Citing Social Injustice, Students Demand Starbucks Location on Campus
- wthalhimer
- Jan 28, 2021
- 2 min read
Updated: Feb 2, 2021

ELON, NC—“Let’s just Doordash it here,” is what you will hear at nine in the morning throughout every dorm hall. Coffee has never been taboo on the Elon campus. If you are not carrying a neon Hydro Flask filled to the brim with milk and a dash of coffee, you are doing it wrong. As of January 17th, a petition was formed requesting the school to replace the infamous Clohan dining hall with a two-story Starbucks coffee shop, which will include an online order bar on the first floor with a “study lounge”. There will also be a state of the art “lightroom”, where customers can take selfies with their friends in a 24/7 golden hour room. This will allow students to achieve their highest quality pictures while appreciating their favorite drinks. While there have been many attempts to get the attention of the school board none have been successful. After years of being suppressed the underclassmen have had enough.
It is time for a change.
Female students are tired of getting in their below freezing white Jeeps and driving an entire ten minutes to wait in a drive-thru line so that they can acquire their “delicious” concoctions. Many believe that this ritual requires too much energy and by the time they are back on campus, their daily schedule is ruined.
This disservice to the prestigious students of Elon must be brought to the public's attention. When standing outside of Carolina, the all-female dormitory, you will be greeted in the morning by a herd of female students rushing out of the door in their oversized sweatpants and shirts.
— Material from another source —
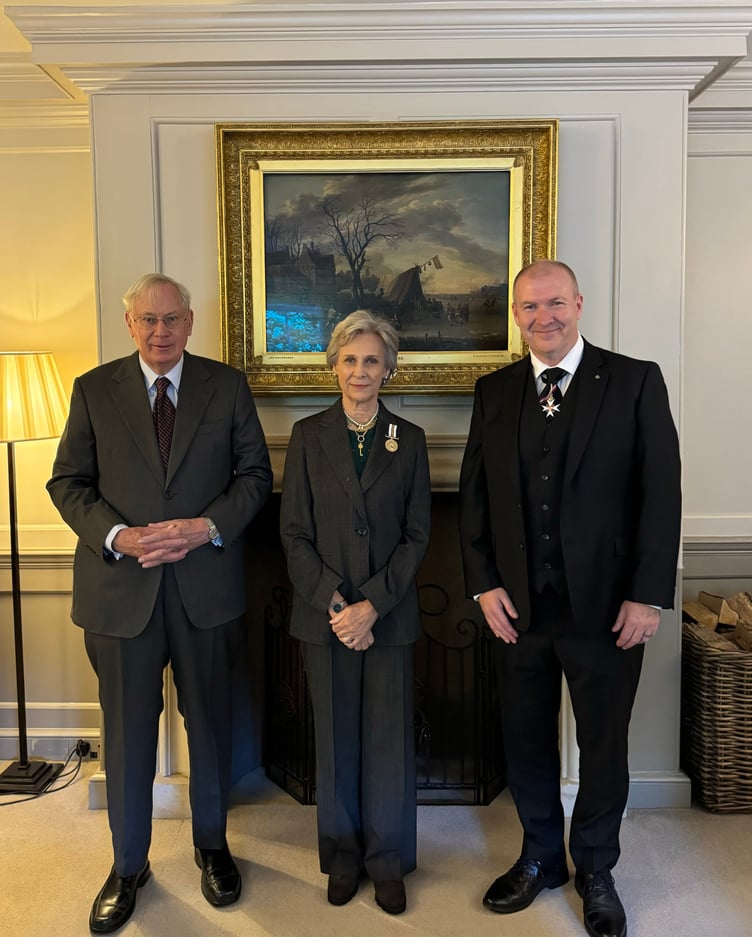 Their Royal Highnesses The Duke and Duchess of Gloucester are pictured with Paul Griffiths OBE KStJ JP DL, the Prior for Wales.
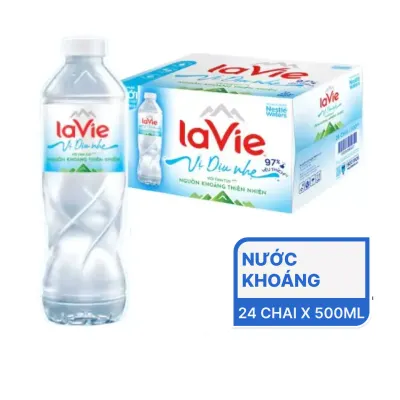 Thùng 24 chai nước khoáng vị dịu nhẹ La Vie 500ml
When the A.S.S. investigator asked where one of the girls was heading, he received the classic eye roll followed by the notorious up-down, she proceeded to say, “Um, I’m going to Starbee’s before class.” When asked “Why?” she followed with “Well, all the local coffee shops are gross, and they never understand my order. Like, is it too much to ask for a venti iced caramel macchiato with an extra shot and a pump of vanilla almond milk double cupped?” (Virginia W. freshman). Before our interview could continue, she disappeared like a wild animal that was finally released after years of captivity.
Resident Irazu barista Patrick J. decided to speak on the topic. He had an immediate answer. “It's like the moment they order they forget what they wanted, and they never give me a real answer about what size they want. Venti is twenty, Grande means large, and tall also means large. What size do they even want?”
Students on social media also had something to say about this social injustice.
Luckily, another freshman girl, Jessica K., on Instagram was willing to speak on the matter. She argued that she ends up spending all of her money on gas when it could go towards her Juul pods and Lemonade Truly's for the weekend. “If we just invested in an on-campus Starbucks these economic problems would go away.” When asked how one would go about solving this problem she responded with, “I think we should form a petition and post it on Elon Barstool to raise awareness about this situation, why shouldn’t we have a Starbucks on campus?”